Il ne peut attendre de secours que d'êtres qui, comme lui, peuvent sortir d'une vision classique et primaire des choses. Ce secours vient rapidement de Zaza, le second adolescent et protagoniste du film, dont la vie semble à première vue diamétralement opposée à celle de Francesco : champion de l'équipe de foot locale, il est plutôt reconnu et admiré par le groupe. Vivant dans les quartiers populaires, sans père ni mère, il est flanqué d'un frère qui s'est tourné vers la criminalité et les trafics en tous genres. Pourtant, Zaza et Francesco partagent la même sensibilité et la même envie de s'extraire de leur condition actuelle, dont l'enfermement est judicieusement rendu dans bon nombre de plans larges, par ces hautes cheminées d'usine qui, telles des barreaux, grillagent l'horizon.

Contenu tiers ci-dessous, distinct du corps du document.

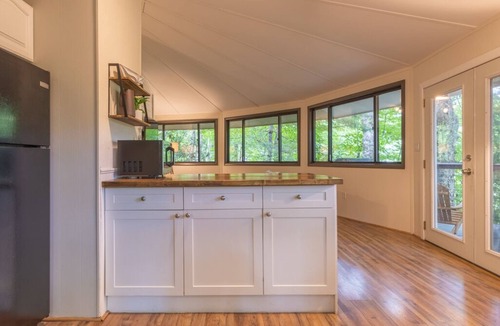 Wolf Laurel Cabin | Whimsical Mountain Roundhouse Among the Trees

Zaza a fait du terrain du football sa principale source de satisfaction et d'ivresse, et son éventuelle porte de sortie. Promis à un bel avenir de footballeur professionnel, il pourrait rejoindre un jour la Juventus de Turin, poussé par son coach – faisant office de référent paternel. Unis par un même attachement invisible, fait de complicité et d’admiration réciproque, Zaza et Poison deviennent vite inséparables, s'apportant mutuellement force et secours. Leur quête d’idéal, de beauté et de liberté se voit un jour incarnée en la personne d’Annalisa, jeune femme sensuelle et mystérieuse, qui leur apparaît très vite comme résolument affranchie des carcans, du jeu-même de la vie et de la mort et qui devient petit à petit leur égérie, leur Madone. Il n’en faut pas plus pour que leurs aspirations et leurs désirs mutuels trouvent dans ce nouveau triangle amoureux un point culminant de convergence. Irrémédiablement attirés par elle pour mieux se rejoindre, les deux garçons vont apprendre à se construire, dans un subtil jeu de miroirs. Il leur faudra apprendre à perdre, sinon les autres, une partie de soi-même et de ses idéaux, pour continuer à vivre et grandir, en aimant simplement et « tendrement » les êtres pour ce qu’ils sont : de chair et de sang.
Chronique tendre et lumineuse sur l’adolescence, réflexion sur la construction de soi, le premier film de Pippo Mezzapesa ne manque ni d'intérêt ni d’élégance. Néanmoins, en restant trop souvent démonstrative et sage, sa mise en scène manque un peu d’ambition pour transcender son sujet et dévoiler derrière l'opacité des visages toute la violence des sentiments qui agitent le coeur et la tête de ces êtres pleins d'espoirs déçus. Âge ingrat.
Ismaël Aria
Sortie en salles : 1er août 2012. Réalisé par Pippo Mezzapesa. Avec Nicolas Orzella, Luca Schipani, Aylin Prandi. Long-métrage italien. Durée : 1h22. Distributeur : Bellissima Films.